From Amanda’s article in the New York Enterprise Report.
Sure, you can make 25 cold calls an hour, but how often do you reach the decision maker? Three times? Four times? The toughest part of cold calling isn’t making the sales pitch – it is actually getting the opportunity to talk to the decision maker so that you can make that sales pitch. So how do we as salespeople increase our ratios of dials to decision maker conversations?
Most decision makers, particularly in larger businesses, are protected by one or even two layers of screeners- a receptionist and an executive assistant. Since they are the gatekeepers for the person you need to talk to, it is important that you gain them as allies. In fact, winning over the executive assistant can actually turn that cold call into a warm call when you finally do reach the right person. The gatekeeper often keeps the pulse of the organization, and is a good information resource.
It takes persistence and assertiveness to the reach the decision maker, but being assertive doesn’t mean being impolite. Remember, that receptionist is just doing her job of protecting the boss from unnecessary interruptions. Make her see that you are necessary.

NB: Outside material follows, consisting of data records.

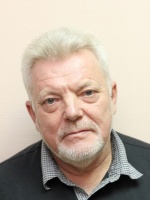 Воробьев Евгений Алексеевич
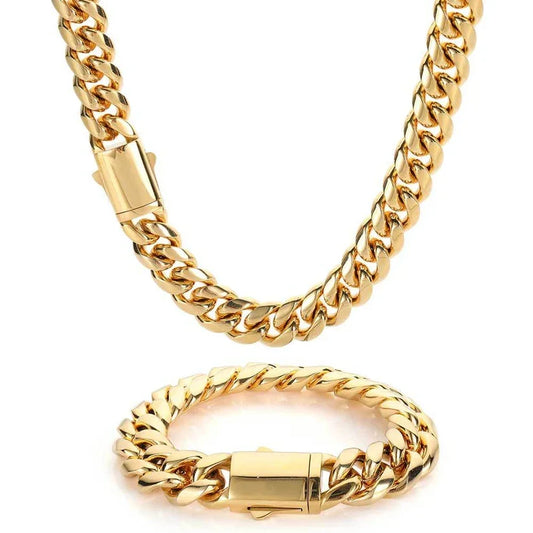 Set Grand Cuban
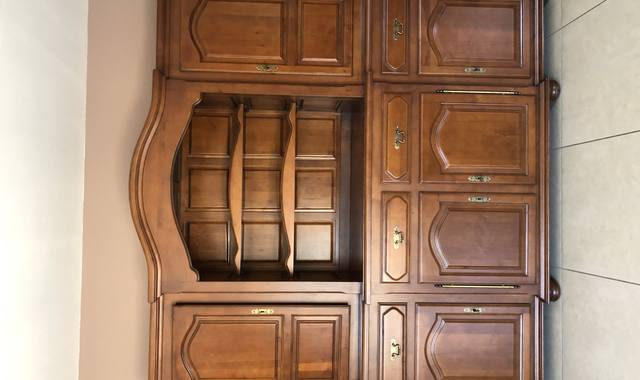 Meubles meuble de salle à manger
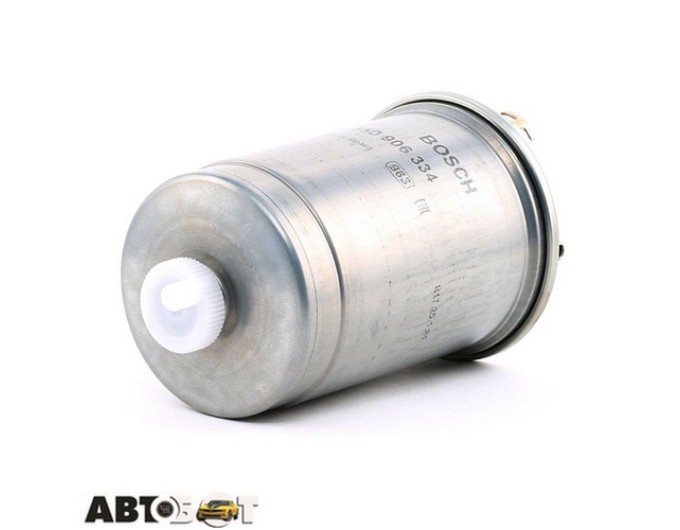 Паливний фільтр Bosch 0 450 906 334, ціна: 1 184 грн.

When calling a company for the first time, don’t waste time trying to reach the wrong person. Make sure that you verify who you need to speak to. To qualify the call when you are unsure of the decision maker, ask the receptionist for the person you want by title first. “I’d like to speak to the vice president of sales. Is that Sue Smith?” If you ask for Sue Smith first, you may be transferred to her so quickly you don’t have a chance to ask if she is the person in the position that you need. Try “before you transfer me, can you tell me such and such…” That will interrupt the receptionist’s usual pattern of transfer and answer your questions.
Find out the receptionist’s name. It is one of the quickest ways to build rapport. A receptionist is so often unnoticed and ignored that taking the time to learn her name, and using it, will give you a leg up, especially on that next call. Get the extension of your prospect as well.

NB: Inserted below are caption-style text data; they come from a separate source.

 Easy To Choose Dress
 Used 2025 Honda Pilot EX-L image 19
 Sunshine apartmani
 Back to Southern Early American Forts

Since it often takes several dials to reach the decision maker, take the opportunity to ask questions of screeners and colleagues. Questions might revolve around the prospect’s staff size if that is relevant, whether the company uses your service and what that situation looks like and other questions that non-decision makers can answer. Knowing all you can about the company will help you make a better pitch when you do reach the decision maker.
Remember, reaching the decision maker may take time, but in the end, will earn the appointments that will win the contracts!